Hermann Wilhelm Leopold Ludwig Wissmann, after 1890 Hermann von Wissmann (4 September 1853 – 15 June 1905), was a German military officer, colonial explorer and served as an administrator for King Leopold II of Belgium. He later served the Prussian empire and its African colonies.

==Biography==
Born in Frankfurt an der Oder, the son of a government official, Wissmann chose a military career. He attended cadet school in Berlin and was enlisted in the Prussian Army in 1870, joined the 90th Fusiliers in 1871, and was commissioned a Lieutenant four years later. Wissmann served Mecklenburg in Füsilierregiment No. 90 posted at Rostock. During this time he had to serve a four-month prison sentence for wounding an opponent in a duel. An 1879 chance meeting at with the explorer Dr. Paul Pogge changed his life.

Granted a leave of absence from the army, in 1880, Wissmann accompanied explorer Paul Pogge on a journey through the Congo Basin. In the eastern Congo, Pogge and Wissmann parted company. Pogge stayed to build an agricultural research station for a Congolese chief, while Wissmann trekked to the Indian Ocean via present-day Tanzania. He was awarded the 1888 Founder's Medal of the Royal Geographical Society for his explorations. Afterwards Wissmann was in the employ of King Leopold II of Belgium, who was in the process of creating his personal African empire, known as the Congo Free State.

In March 1883 Wissmann gave the name "Zappo Zap" to a Songye leader known as Nsapu Nsapu who ruled over the town of Mpengie, part of the Ben'Eki kingdom in the eastern Kasai region. This was a settlement with more than a thousand people, many of them slave warriors, to the east of the Sankuru River between Kabinda and Lusambo. Zappo Zap's people became allies and auxiliaries of the Congo Free State authorities. In 1899 they were sent out by the colonial administration to collect taxes. They massacred many villagers, causing an international outcry.

When in 1888 the attempts of the German East Africa Company to start a dominion collapsed in face of African resistance, it asked Bismarck for help, which was at first refused. In 1888, Wissmann was promoted to captain and appointed 1st official Reichskommissar (8 February 1888 to 21 February 1891) for the German East Africa region where he was tasked with suppression of the Abushiri Revolt led by Abushiri ibn Salim al-Harthi. Wissmann was only given one order: "Victory".

On his way to East Africa Wissmann hired a mercenary force of mostly Sudanese soldiers from decommissioned units of the Anglo-Egyptian army to whom later a number of Zulus from South Africa were added, all under the command of German officers. The German forces, along with British naval assistance, fortified Bagamoyo, Dar es Salaam and retook Tanga and Pangani. Wissmann's forces with superior firepower also retook the rest of the Coastal Strip. They fortified the interior garrison of Mpwapwa and reopened the main caravan route through the area, using Lts.

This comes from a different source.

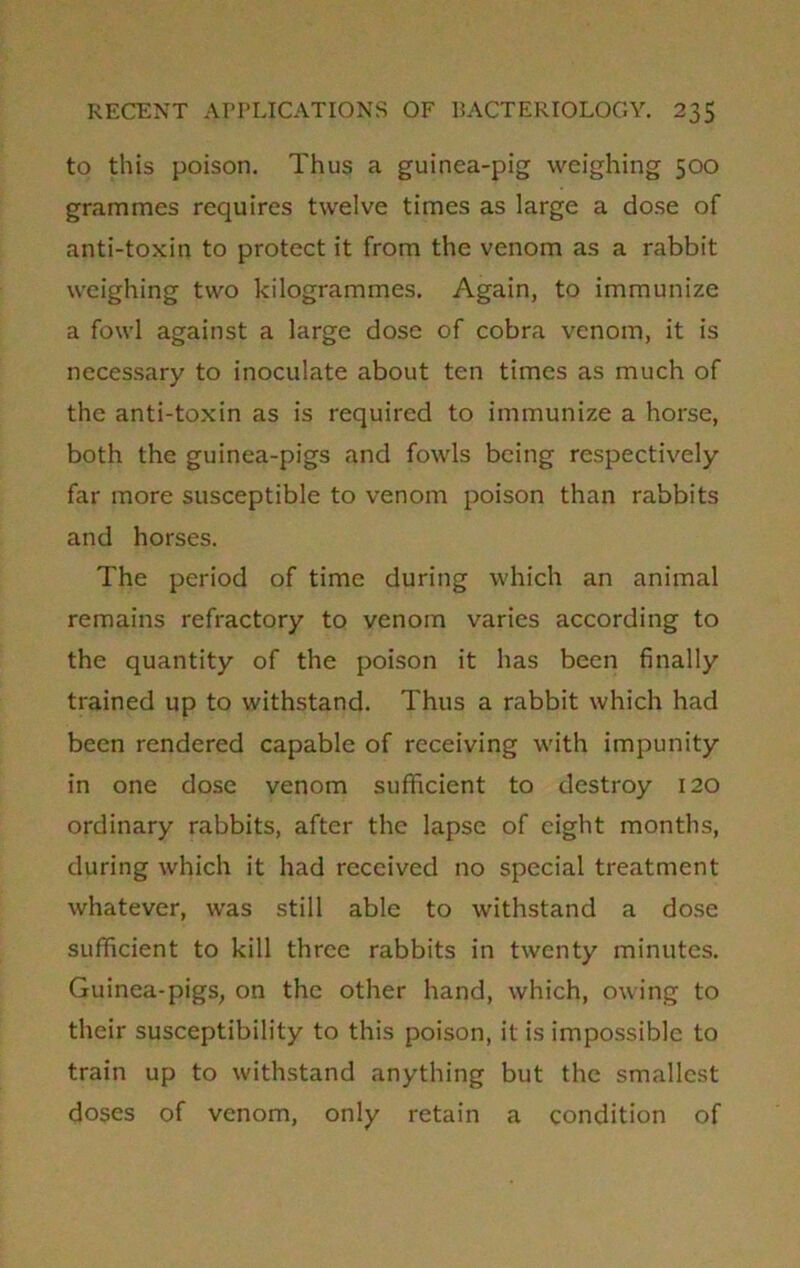 to this poison. Thus a guinea-pig weighing 500 grammes requires twelve times as large a dose of anti-toxin to protect it from the venom as a rabbit weighing two kilogrammes. Again, to immunize a fowl against a large dose of cobra venom, it is necessary to inoculate about ten times as much of the anti-toxin as is required to immunize a horse, both the guinea-pigs and fowls being respectively far more susceptible to venom poison than rabbits and horses. The period of time during which an animal remains refractory to venom varies according to the quantity of the poison it has been finally trained up to withstand. Thus a rabbit which had been rendered capable of receiving with impunity in one dose venom sufficient to destroy 120 ordinary rabbits, after the lapse of eight months, during which it had received no special treatment whatever, was still able to withstand a dose sufficient to kill three rabbits in twenty minutes. Guinea-pigs, on the other hand, which, owing to their susceptibility to this poison, it is impossible to train up to withstand anything but the smallest doses of venom, only retain a condition of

Langheld, Sigle, Charles Stokes & Sergeant Bauer. Soon afterwards, Abushiri was arrested and executed in Pangani on 16 December 1889. In January 1890, Wissmann issued a general pardon to the remaining rebels.

Wissmann's forces used extremely brutal methods borrowed from the Congo to suppress resistance. Massacres were carried out with the new Maxim gun, which fired at around 500 rounds per minute. Wissmann also plundered towns and burned fields. Anyone who refused to submit themselves to his forces was killed. Prisoners were used for slave labor and sexual slavery.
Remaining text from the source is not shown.